Wanneer telt een bedwongen col nou eigenlijk echt mee op je palmares of lijstje? Is dat pas als je hem heel bewust hebt bedwongen en beklommen, of mag je hem ook tellen als je er toevallig langskomt op weg naar een ander doel? En telt ie dan ook mee als je hem in een soort van afdaling tegenkomt? Anders gesteld: mag je de Umbrail én Stelvio afvinken als je laatstgenoemde via Zwitserse zijde doet? En hoe zit het met de Glandon en Croix de Fer? Peyresourde (vandaag in de Tour) en Peyragudes? Ik ben van mening dat als je op wat voor manier dan ook heb gefietst om op een bepaalde col te komen, en dus niet met de auto, dat je hem mag tellen. Zo tel ik zelf inmiddels twee gevonden cols extra!
Toen ik woensdag niet over de Col de Romme richting de Col de la Colombière kon vanwege een wegafsluiting, was dat een flinke streep door de rekening. Okee, de Romme staat als extreem zwaar in de boeken dus heel teleurgesteld moet ik misschien niet zijn. Wel ben ik blij dat deze pas uiteindelijk werd gecompenseerd door de veel en veel makkelijkere Col de St Jean-de-Sixt. De Sixt stond niet eens in mijn routeboek en online vind je er weinig over terug, maar toch fietste ik gister drie kilometer voorbij Le Grand Bornand ongeveer tegen het officiële colbordje aan. Echt getrapt heb ik er niet voor dus wellicht kinderachtig om deze col mee te tellen, aan de andere kant moeten ze er maar geen bordje neerzetten. Die Col de St Jean-de-Sixt: dikke check!

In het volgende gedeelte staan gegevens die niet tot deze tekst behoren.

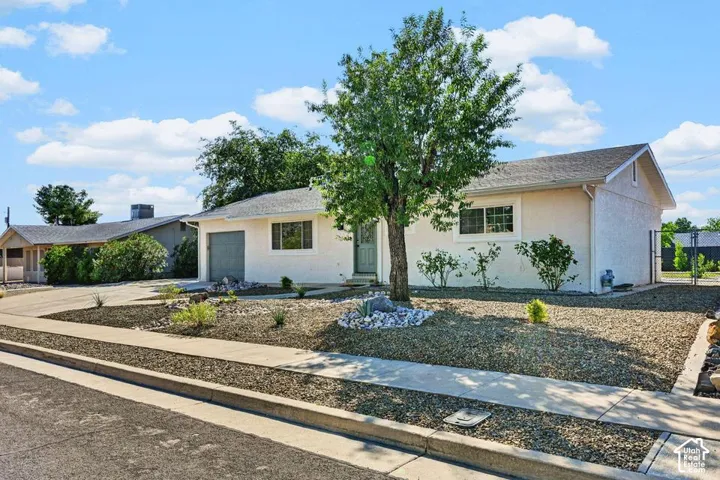Stucco exterior with an attached garage, landscaped front yard with a mature tree, and a concrete driveway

De etappe van vandaag startte in La Clusaz, alwaar ik tóch slecht heb geslapen. Mijn hotel staat op ongeveer een derde van de klim naar Aravis, maar ook op een derde van de Col de la Croix Fry. Dat is makkelijk scoren dus. Ik vertrek om klokslag half negen en voel eigenlijk al direct dat de benen goed zijn. Ik heb een lekker ritme te pakken en voor ik er erg in heb kan ik rechtsaf slaan richting de Croix Fry. Ik heb dan vier kilometer geklommen en moet er nog vier om te kunnen strepen. Binnen drie kwartier heb ik de eerste col van de dag afgevinkt en daar staat me direct een verrassing te wachten. Een zijtak bovenop de Col de la Croix Fry leidt naar de Col de Merdassier. Twee kilometer klimmen voor een col die niet in mijn boek staat, wát een bonus! Ik neem zowel op de Croix Fry als Merdassier mijn moment om wat plaatjes te maken, waarna ik omkeer naar Aravis!
Het laatste stuk naar de Col des Aravis, de resterende vier kilometer nog, blijkt heerlijk te lopen en gaat tegen ongeveer zes procent. Ik haal voor het eerst deze expeditie andere fietsers in en dat betekent dat mijn lijf en ledematen langzaam aan het hooggebergte beginnen te wennen. Hoewel het hier nog onder de tweeduizend meter hoog is, kunnen we toch al wel spreken van serieuze Alpen! Op de op van de Col des Aravis is het druk. Heineken is met een vrachtauto een bestelling bij een aantal restaurants aan het afleveren. Ik pas, maar giet wel de inmiddels voor mij gebruikelijke twee cola naar binnen. Ik maak wat sfeerbeelden van een kerkje en bereid me voor op de afdaling naar Flumet. Vanaf daar alleen nog even de Col de Saisies over en mijn derde etappe zit er op.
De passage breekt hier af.